On Fri, Jun 2, 2017 at 11:05 AM, Steven D'Aprano <st...@pearwood.info> wrote:
> On Fri, Jun 02, 2017 at 09:22:16AM +1000, Chris Angelico wrote:
>
>> Ultimately, what I would like is for "import random" to be absolutely
>> dependably going to grab the stdlib "random" module, or at very least,
>> something that someone *deliberately* is shadowing that module with.
>> You shouldn't be able to accidentally shadow a stdlib module.
>
> If that's the only problem you want to solve, then I would expect that
> moving the script/current directory to the *end* of sys.path instead of
> the start will accomplish that, without breaking any scripts that rely
> on '' to be in the path.
>
> I expect that moving '' to the end of sys.path will be a less disruptive
> change than removing it.

This is true.
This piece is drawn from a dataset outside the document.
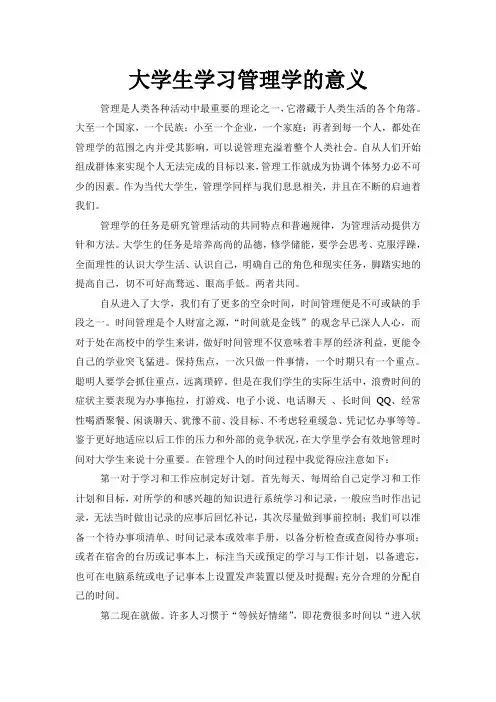 管理学对大学生的意义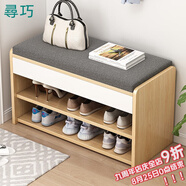 尋巧（SPERMEK） 換鞋凳家用門(mén)口穿鞋凳多用途試鞋凳現代簡(jiǎn)約儲物收納鞋柜 【加厚軟包】田園橡木色60CM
However, anything that depends on the current behaviour
(intentionally or otherwise) would be just as broken as if it were
removed, and it's still possible for "import foo" to mean a local
import today and a stdlib import tomorrow. It'd just move the
ambiguity around; instead of not being sure if it's been accidentally
shadowed, instead you have to wonder if your code will break when a
future Python version adds a new stdlib module. Or your code could
break because someone pip-installs a third-party module. You can take
your pick which thing shadows which by choosing where you place '' in
sys.path, but there'll always be a risk one way or another.

Different packages don't conflict with each other because
intra-package imports are explicit. They're safe.